Date Posted

July 26, 2022

Dave Elniski
AMTA Industry Advisor, Safety & Compliance

This article has been accepted for publication by CVSA’s Guardian magazine; their digital editions can be accessed at this link.

Research is interesting.  With the exception of discoveries that are completely new to humankind, there are two ways we research: working independently to repeat someone else’s prior discovery, or asking those who already know.

Most day-to-day research a carrier’s interested in is where the company is trying to learn what someone else already knows.  For example, a safety professional may be looking for a solution to reduce the rate of falls that occur in the yard when the ground is icy.  Other safety professionals already know ways to address this concern.  There are likely best practices in existence.  In this example, the first safety professional just needs to find the right person to ask.

Carriers, like individuals, don’t need to figure out all the answers for themselves, pretending like they’re the first to encounter a certain problem.  Answers are probably out there.  Professional networks and industry events are great things for this reason: they connect different people who, together, probably do know just about everything there is to know about the industry but can only access this knowledge by leaning on each other.

But carriers may not need to always look to external contacts.  It is common in company founder biographies for a company founder to reflect, perhaps as they plan to leave the business, on times their company “learned” during times of change and increase their corporate knowledge as a result.  Corporate knowledge isn’t simply the sum of the knowledge of all staff at the current moment, though.  It is only the part of this sum that the company is aware of and can access.

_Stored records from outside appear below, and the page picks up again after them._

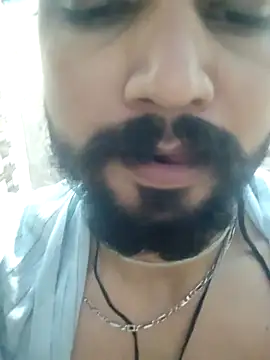 yourindianfellow ওয়েবক্যাম শো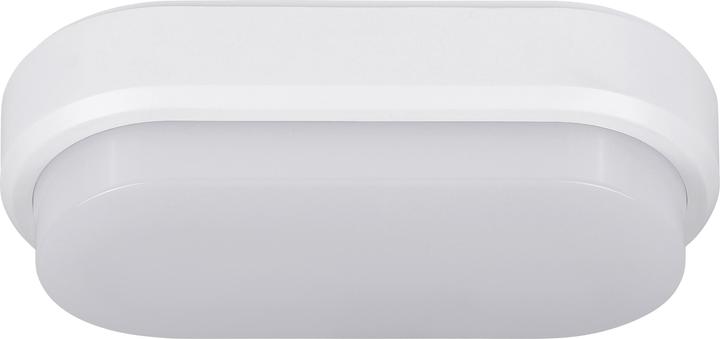 Actual product image StarLicht LED damp-proof luminaire LED (550 lm)
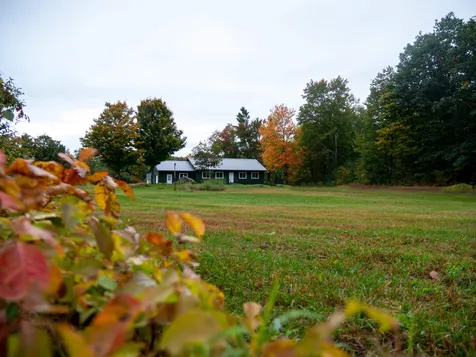 362 Rush Road Henniker NH 03242
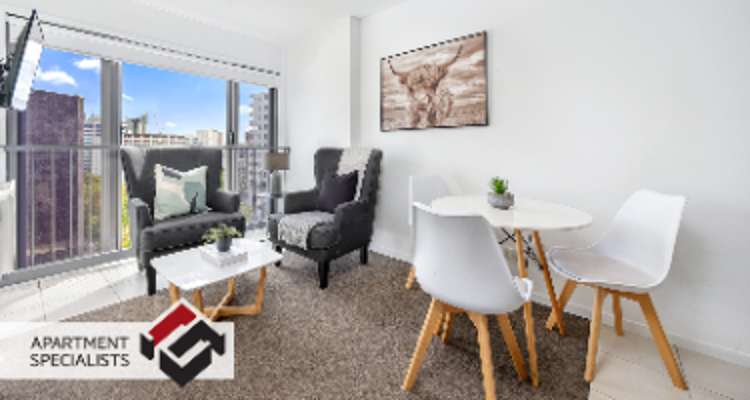 514/421 Queen Street_0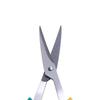 Pruners Pruning Shears Sharp Grape Scissors Multifunctional Garden Scissors  Two-color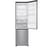 Двухкамерный холодильник LG GA-B509SMDZ - фото #3, Technodom.kz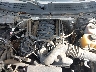 1FTFW1EF1CF****** Repairable 2012 Ford F-150 in Orlando North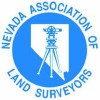 Nevada Association Of Land Surveyors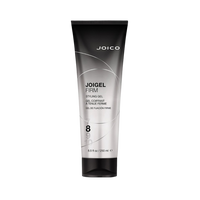 Joico JoiGel Firm Styling Gel 250mL
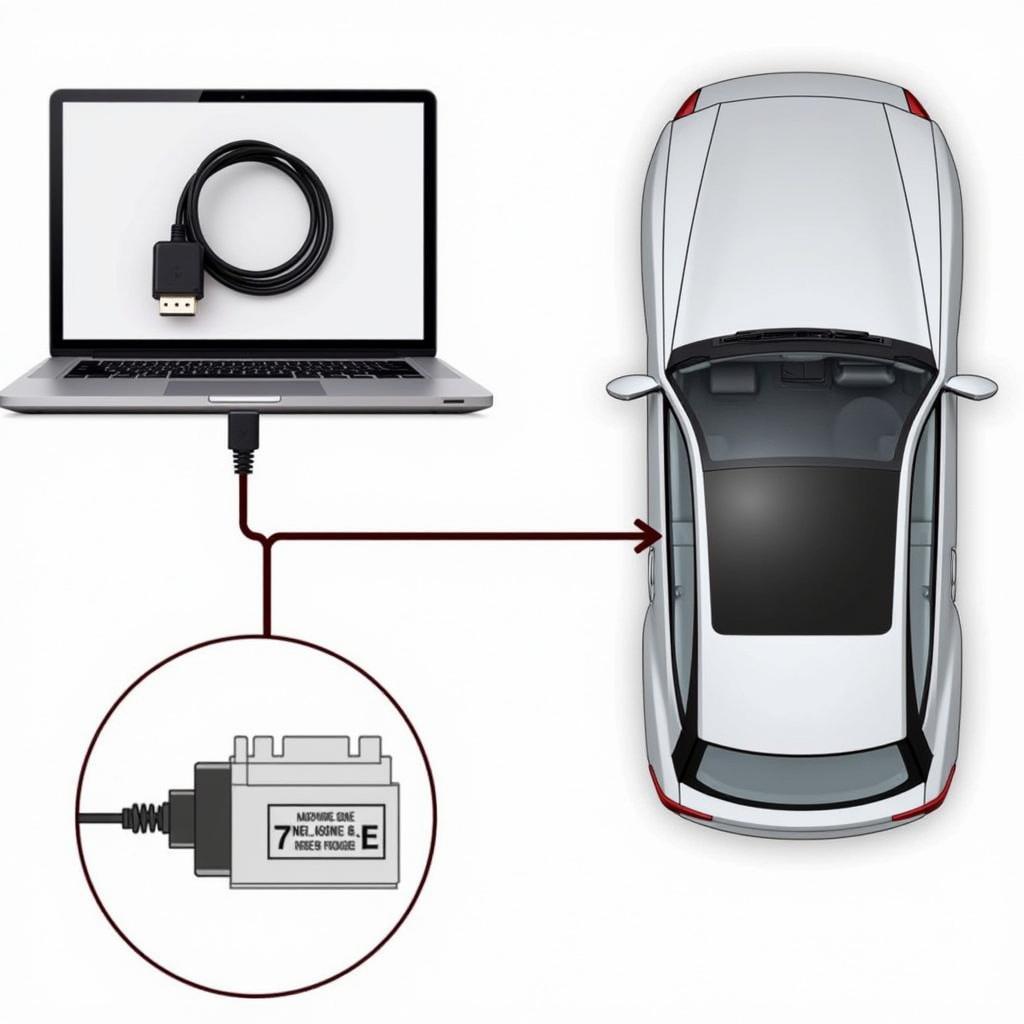 Read more about the article Windows Media Player Diagnostic Tool: Troubleshooting Car Audio Issues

Trucking has an aging workforce, a fact frequently used to sound the alarm over future labour shortages.  While often framed negatively, carriers and individuals need to see an aging workforce as a tremendous strength.  People with long tenures in the industry have amassed great personal knowledge, a valuable resource available to the industry.  Other industries would be so lucky to have as much accumulated wisdom as we do.  But, this resource is nonrenewable because of two main factors: attrition and disrespect.

Attrition, the slow diminishment of an experienced workforce through retirement, takes fountains of knowledge from the industry every day.  Chances are you, the reader, can think of an example of someone who has spent a long time in an industry and become extremely knowledgeable about it.  Think of the tips, tricks, and solutions a 30-year highway professional possesses as a result of facing countless challenges head-on.  There’s a good chance they’ve personally seen solutions to problems that exist at their current employer.  This type of professional is a consultant on retainer – if the carrier knows how to appreciate them.

It’s probably easy to understand how attrition is a factor in knowledge loss.  What is just as critical to understand, but is much more insidious, is disrespect.  Does the experienced professional mentioned in the previous paragraph feel their input is welcomed?  Do they believe they will be shown respect for proposing a solution to a problem?  If they do not, why would they help?

It may be arguable that North America’s trucking industry needs more new drivers.  But it is certainly overflowing with experienced professionals willing to step into the role of mentor to guide tomorrow’s drivers and today’s leaders.  All that’s needed is to ask and listen.